B-119547, APRIL 16, 1954, 33 COMP. GEN. 477

CONTRACTS - MILITARY CONSTRUCTION CONTRACTS - LABOR STIPULATIONS APPROPRIATIONS MADE FOR MILITARY CONSTRUCTION WORK MAY NOT BE UTILIZED FOR THE BETTERMENT OF WORKING CONDITIONS AMONG THOSE EMPLOYED ON SUCH CONSTRUCTION WORK, AND THEREFORE DEPARTMENT OF DEFENSE CONSTRUCTION CONTRACTS AND SPECIFICATIONS MAY NOT INCLUDE A MINIMUM WORKWEEK AND OVERTIME WAGE PROVISION IN ORDER TO PROMOTE AND MAINTAIN FAIR LABOR STANDARDS.

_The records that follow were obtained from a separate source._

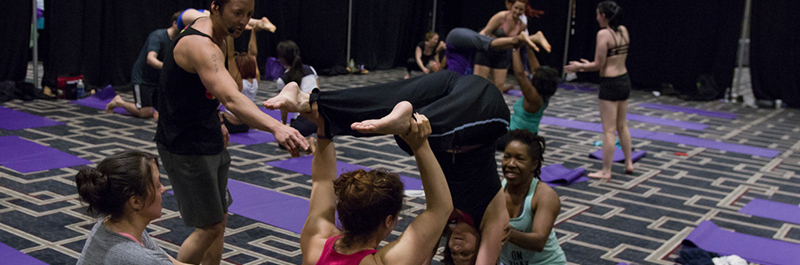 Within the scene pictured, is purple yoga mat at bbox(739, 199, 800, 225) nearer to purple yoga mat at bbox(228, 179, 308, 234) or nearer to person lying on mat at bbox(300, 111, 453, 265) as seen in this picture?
purple yoga mat at bbox(228, 179, 308, 234)

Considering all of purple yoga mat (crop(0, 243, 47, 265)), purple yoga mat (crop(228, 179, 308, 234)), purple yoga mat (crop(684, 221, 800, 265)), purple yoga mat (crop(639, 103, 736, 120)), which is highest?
purple yoga mat (crop(0, 243, 47, 265))

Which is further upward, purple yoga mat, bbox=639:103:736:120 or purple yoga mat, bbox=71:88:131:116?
purple yoga mat, bbox=71:88:131:116

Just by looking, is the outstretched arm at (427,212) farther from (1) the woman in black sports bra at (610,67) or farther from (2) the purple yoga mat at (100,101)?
(2) the purple yoga mat at (100,101)

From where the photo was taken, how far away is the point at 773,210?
483cm

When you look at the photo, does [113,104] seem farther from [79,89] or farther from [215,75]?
[215,75]

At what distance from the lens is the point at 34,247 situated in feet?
11.5

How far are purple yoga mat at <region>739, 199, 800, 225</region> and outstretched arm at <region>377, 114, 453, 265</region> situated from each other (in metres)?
3.66

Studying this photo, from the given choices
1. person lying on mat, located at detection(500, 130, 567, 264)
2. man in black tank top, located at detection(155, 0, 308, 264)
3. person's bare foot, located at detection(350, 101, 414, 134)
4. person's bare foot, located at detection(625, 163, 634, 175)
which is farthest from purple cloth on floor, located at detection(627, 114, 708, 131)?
person's bare foot, located at detection(350, 101, 414, 134)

ACTING COMPTROLLER GENERAL WEITZEL TO THE SECRETARY OF DEFENSE, APRIL 16, 1954:

REFERENCE IS MADE TO LETTER OF THE ASSISTANT SECRETARY OF DEFENSE DATED APRIL 1, 1954, REQUESTING MY OPINION AS TO WHETHER THERE MAY BE ADMINISTRATIVELY INCLUDED IN DEPARTMENT OF DEFENSE CONSTRUCTION SPECIFICATIONS AND CONTRACTS, AS SUGGESTED BY THE SECRETARY OF LABOR, AN APPROPRIATE PROVISION WHICH WOULD LIMIT THE WORK WEEK OF LABORERS AND MECHANICS TO 40 HOURS PER WEEK WITH THE PAYMENT OF OVERTIME COMPENSATION FOR HOURS WORKED IN EXCESS OF 40 HOURS PER WEEK. IN THAT CONNECTION, YOU STATE THAT THE SECRETARY OF LABOR HAS NOTED THAT CONTRACTORS ENGAGED IN MILITARY CONSTRUCTION AT LITTLE ROCK, ARKANSAS, HAVE BEEN EMPLOYING THEIR WORKERS 8 HOURS PER DAY, 7 DAYS PER WEEK, OR A TOTAL OF 56 HOURS PER WEEK WITHOUT THE PAYMENT OF OVERTIME COMPENSATION.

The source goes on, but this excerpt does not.